Don’t worry, I washed my hands afterwards.
“Now stick your finger in your ear…”
It’s not the kind of instruction you’d expect to find with a cutting-edge piece of technology, but that’s exactly what I’m being told to do.
To explain, Sgnl is a bone-conduction wrist-strap, one that essentially turns your fingertip into a vibrating speaker.
We first spotted Sgnl when it launched as a Kickstarter project last year, and this month I got the opportunity to try a near-final prototype at the IFA technology conference in Berlin, ahead of Sgnl (finally) shipping to backers next month.
But anyway, back to my finger-ear situation.
Sgnl is a wrist-strap that can be attached to either a smartwatch, like Apple Watch, or a plain old regular wristwatch.
Through the wonders of Bluetooth it’ll connect to your smartphone and when your phone rings, rather than piping the audio out of your phone, a pad on the inside of Sgnl will feverishly start vibrating sending the audio to your fingertip while a microphone in the wristband will pick up your voice.
Press said fingertip in your ear or, more accurately, on your ear and you’re off.
But the most important question, and why you’re probably here, is, how does it sound?
Yeah, not great.
Admittedly I was in a busy convention centre, but the audio that I ‘heard’ was still very muffled, distant and distorted enough as to make one word in every five almost inaudible.
I also had to press very hard, and very precisely, against certain parts of my ear (the more boney bits), which quickly became uncomfortable – you wouldn’t want to be taking any long calls on this.
But it’s not all doom and gloom.
Taking a call with Sgnl is, yes, quite liberating.
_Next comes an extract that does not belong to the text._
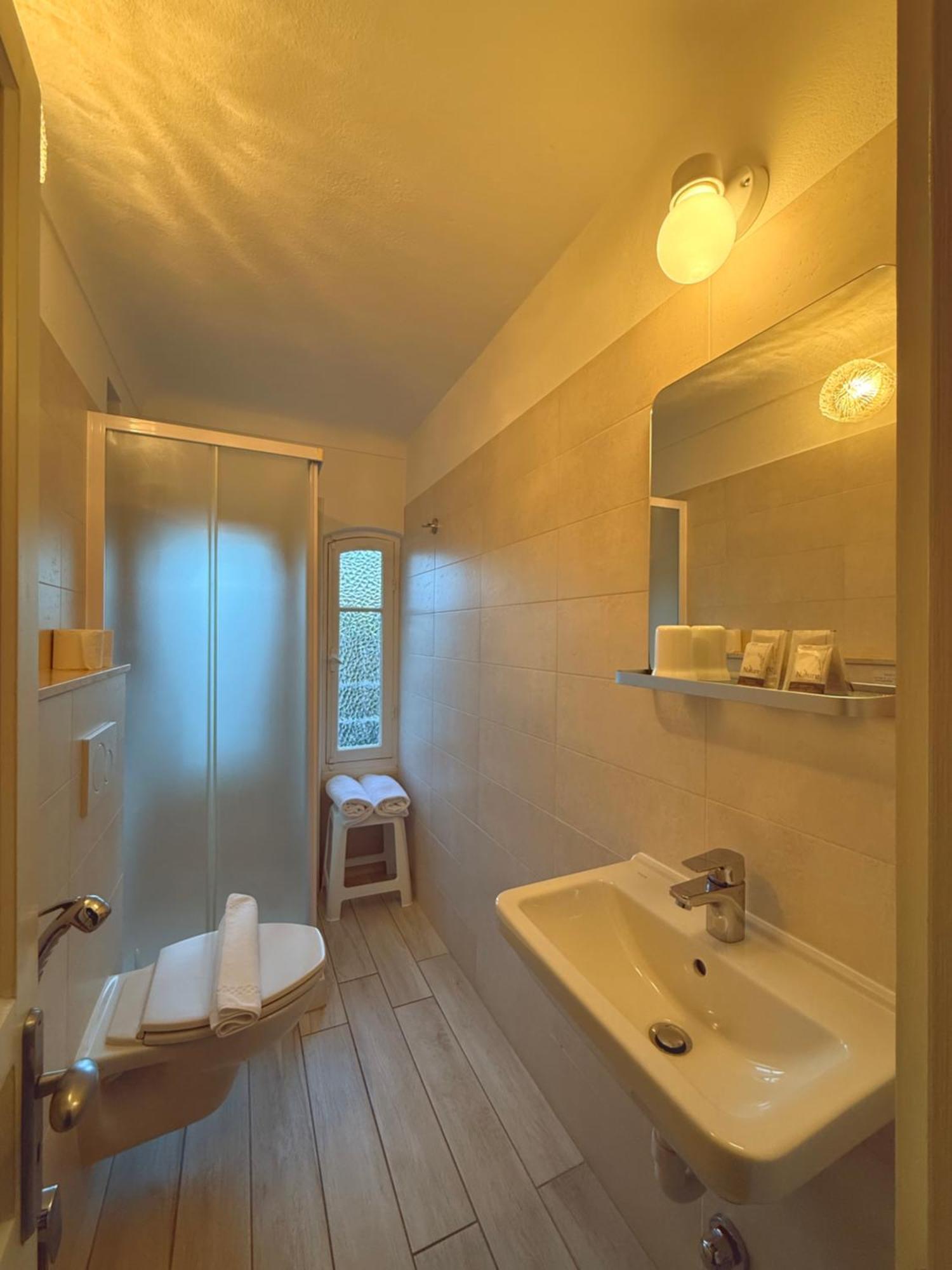 Camera Matrimoniale con Bagno Privato Esterno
It paints a vision of the future where your Apple Watch buzzes with a call, and you simply finger-ear to discreetly answer.
It’s a future I like the sound of.
Sadly Sgnl isn’t there yet, and I’m not sure if it ever will be.
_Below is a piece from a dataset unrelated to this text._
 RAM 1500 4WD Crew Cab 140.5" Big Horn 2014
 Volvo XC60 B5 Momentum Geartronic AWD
Today their wrist-strap is an expensive ($149) demo of what could be. It’s a technology that will likely be swooped on by tech giants like Apple and Samsung, developed, improved and then built into millions of devices around the world. None made by Sgnl.
The company might be remembered as the groundbreaking innovator which put us on the path to a bone-conduction future. But, more likely than not, it won’t be.